V21D-02: Long-term monitoring on active volcanoes. Time relationship between surface variations of temperature and changes of energy release from magmatic sources, verified by multi-parameter and interdisciplinary comparisons

Abstract

The longest records of temperature data from active volcanoes in southern Italy are presented. One dataset comes from continuous monitoring of fumaroles temperature of la Fossa cone of Vulcano (Aeolian Islands), it runs from 1990 to 2014, but the first measurements started in 1984. Another dataset is from thermal aquifers of Mount Etna volcano, since 1989 the acquisition period has been one month, more recently data with hourly frequency are registered on the continuous monitoring network. Both monitoring systems are still ongoing. In 1984 at Vulcano the monitoring of fumaroles suffered of a pioneering approach, our technicians faced for the first time with extreme condition, absence of energy power, temperature range covering up to 2 order of magnitude (from normal ambient to several hundreds °C), steam, corrosive acidic fluids released by fumaroles (Sulphur and Chlorine compounds, Carbon dioxide).
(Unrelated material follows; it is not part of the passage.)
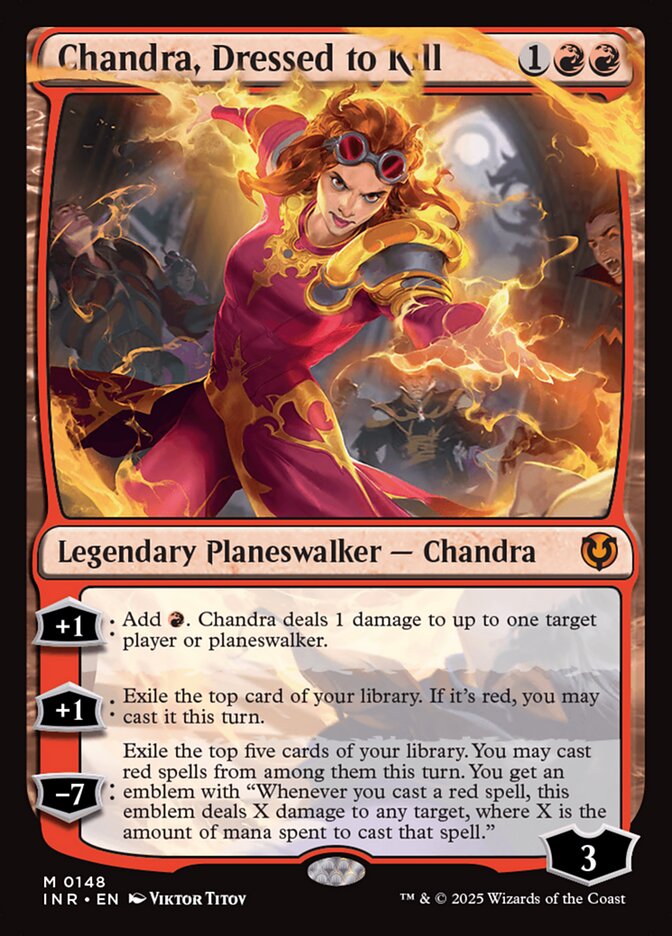 Chandra, Dressed to Kill 148/287 (Innistrad Remastered)  | Good Games North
The experience matured in the high temperature fumarole field of Vulcano can be useful to support new surveillance programs on other volcanoes around the world. Time series analysis applied to fumaroles temperature highlighted the cyclic character of the main observed variations and major trends, lasting some years. Long term monitoring allowed comparisons of many temperature subsets with other validated geochemical and geophysical dataseries and highlighted common source mechanisms accounting for endogenous processes. Changes in the magma source and/or seismo-tectonic activity are the primary causes of the main time variations. A similar comparative approach has been applied to time series of temperature data recorded on Etna volcano. Time relationships have been found with the eruptive activity, particularly with the emission rates of volcanic products, although the monitoring sites are far from the eruptive vents. The collected data show confirmation about the effectiveness of the geochemical approach to follow in real time changes from the source, even being far from estimation of magmatic energy release retrieved by surface temperature monitoring.